As the year 2016 comes to a close, the Manyinga Orphan and Vulnerable Children School Project would like to thank you for your generous support and ask that you consider supporting the Manyinga project once again.

The Manyinga Orphan and Vulnerable Children Schools Project is the result of a partnership between two rural African communities and a group of concerned individuals in North America working together to find a way to help orphaned and vulnerable children in a remote part of northwestern Zambia improve their lives. The initiative has resulted in providing much-needed education, essential agriculture skills, improved nutrition, health care and sanitation for approximately 400 vulnerable children. The goal of self-sufficiency and independence for the students as they grow into adulthood continues to be the objective of the project.

The information below provides a brief update of the school’s activities in 2016. This year, we have helped the communities by supporting teacher’s salaries, agricultural inputs for the Farm Initiative, basic infrastructure needs, and other health and nutrition initiatives. Availability of fresh water for hygiene and for watering the crops, garden, livestock and orchards continues to be a big challenge. With your help, we are hoping to support the digging of new boreholes for both schools in 2017 to help alleviate this shortage.  

Looking back on a successful year

The two schools continue to be a success story, with around 400 children enrolled each year. In addition to the basic education they receive, the children are learning about nutrition, health and agriculture skills. Parents and other caregivers have noticed and have commented positively on the improvement in their child’s education, health and knowledge of farming.

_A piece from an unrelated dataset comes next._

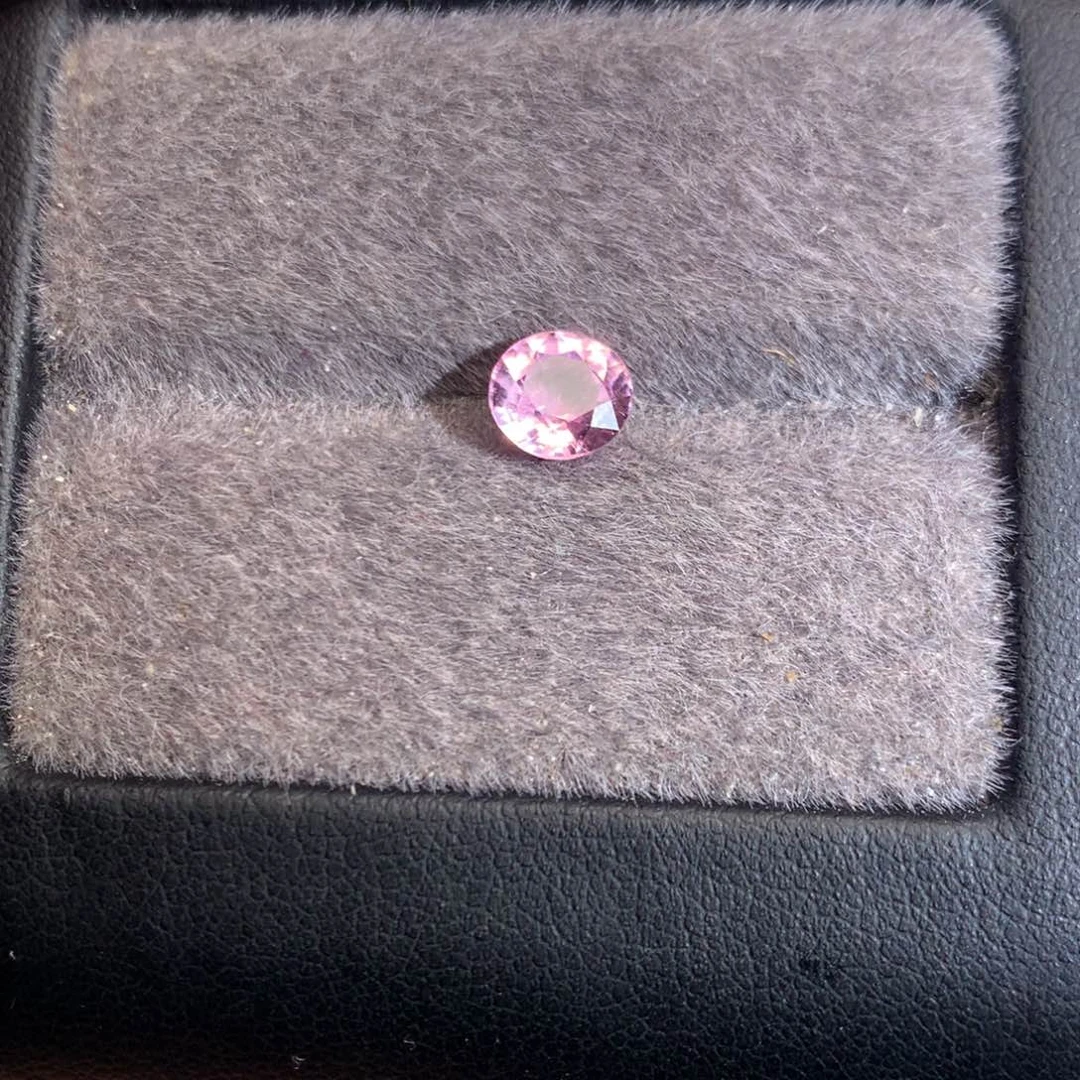 碧玺未镶嵌珠宝奇石1.05ct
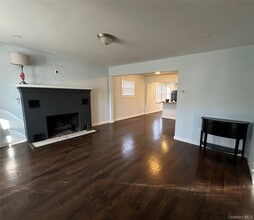 185 McKinley Dr in Mastic Beach, NY - Building Photo - Building Photo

Students continue to progress and develop as they gain more experience and knowledge. The schools continue their efforts to encourage and enable students to attend classes. The female teachers continue to give female students who have reached the age of puberty health instruction and sanitary products. In the past, girls would have missed a week of school per month due to a lack of supplies. 

And let there be light! It is hard to remember most rural houses don’t have electricity in Zambia. Solar light packs are letting our students read and study at night.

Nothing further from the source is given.